Türkiye’de gelmiş geçmiş tüm hükümetler kalkınma adı altında ekonomik büyümeyi tek amaç olarak kabul eden, toplumun ve doğanın yararını göz ardı eden politikalar yürüttüler. Ancak AKP iktidarı bu alanda, gördüklerimizin en saldırganı ve yıkıcısı. Tek amacı ekonomik büyümeyi hızlandırmak olan ekonomik tercihlerle doğayı tüketecek enerji, madencilik ve sanayi yatırımlarını ve inşaat sektörünü körüklüyor.
Bursa’ya baktığımızda doğanın talanının kentimizde de büyük bir hızla sürdüğünü görüyoruz. Nilüfer Çayı, Uludağ, İznik ve Uluabat gölleri, Başköy bu talandan nasibini alan yerler arasında. Kirazı ile ünlü Kozağacı da termik santral tehdidi altında. Geçtiğimiz yıl yapılmak istenen ÇED toplantısı Kozağacı halkının kararlı tepkisi karşısında yapılamadı ama tehlike henüz geçmiş değil.
Son günlerde Bursa’yı tehdit eden iki olay daha gündeme bomba gibi düştü. İnegazi’ye yapılması düşünülen Çimento Fabrikası ve DOSAB Termik Santralı.
DOSAB Termik Santralı
Çevre ve Şehircilik Bakanlığı, Bursa DOSAB Bölge Müdürlüğü tarafından kurulması planlanan “DOSAB Buhar ve Enerji Üretim Tesisi” ne izin verdi. Adı “Buhar ve Enerji Üretim Tesisi” olarak geçse de aslında bir termik santral. Kömür yakacak ve enerji üretecek. Kömürün de Dursunbey’den geleceği belirtiliyor.

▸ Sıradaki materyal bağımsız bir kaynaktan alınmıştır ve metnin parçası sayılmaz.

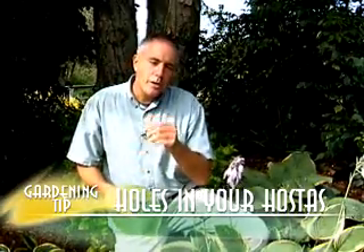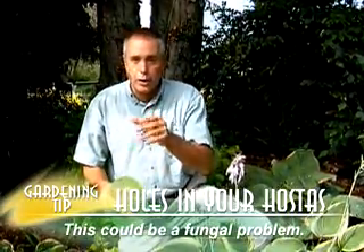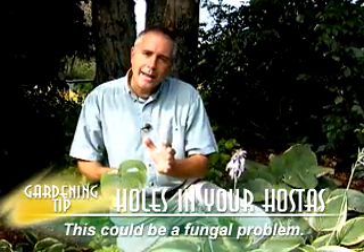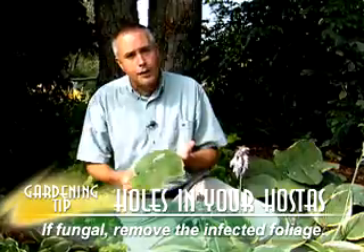Well, in some cases this could be caused by a fungus that affected your hostas early in the season. So really it's too late to do anything with that now, except remove the old foliage.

Konuya ilişkin ÇED süreci başlatılmakla birlikte “halkın katılım toplantısı yapılmaması, bunun yerine istek, öneri ve görüşlerin doğrudan Valilik, Çevre ve Şehircilik İl Müdürlüğü ve Bakanlığa iletilebileceği” ifade ediliyor.

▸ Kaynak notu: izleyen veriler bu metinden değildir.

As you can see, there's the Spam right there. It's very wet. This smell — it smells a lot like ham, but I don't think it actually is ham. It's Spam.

Termik santral hava kirliliği demek, iklim değişikliğine en büyük katkı demek, yöredeki tarım alanlarının zarar görmesi demek. Soma’da maden işçilerini öldüren kömür şimdi de Bursa halkını öldürmeye devam edecek. Güneş ve rüzgar cenneti ülkemizde hala kömüre bağlı kalmak akıl işi değil. Bursa halkı, kentin merkezine, Demirtaş’a yapılmak istenen bu santralı kabul etmeyecektir.
İnegazi Çimento Fabrikası
Bursa Çimento’nun havaya, toprağa verdiği zararlara karşı şikayetler giderek artarken, Kestel bölgesinde fabrikaya tepkiler yükselirken şimdi de İnegazi’ye Çimento Fabrikası kurulmak isteniyor. İlke Çimento A.Ş. tarafından Nilüfer/ İnegazi’ye 125 milyon dolarlık bir yatırım ile Çimento Fabrikası kurulmasına ilişkin ÇED raporu geçen yıl Çevre ve Şehircilik Bakanlığı tarafından onaylanmıştı. Bursa’daki STK ve odalar karara itiraz etmiş, yürütmeyi durdurma davası açmışlardı.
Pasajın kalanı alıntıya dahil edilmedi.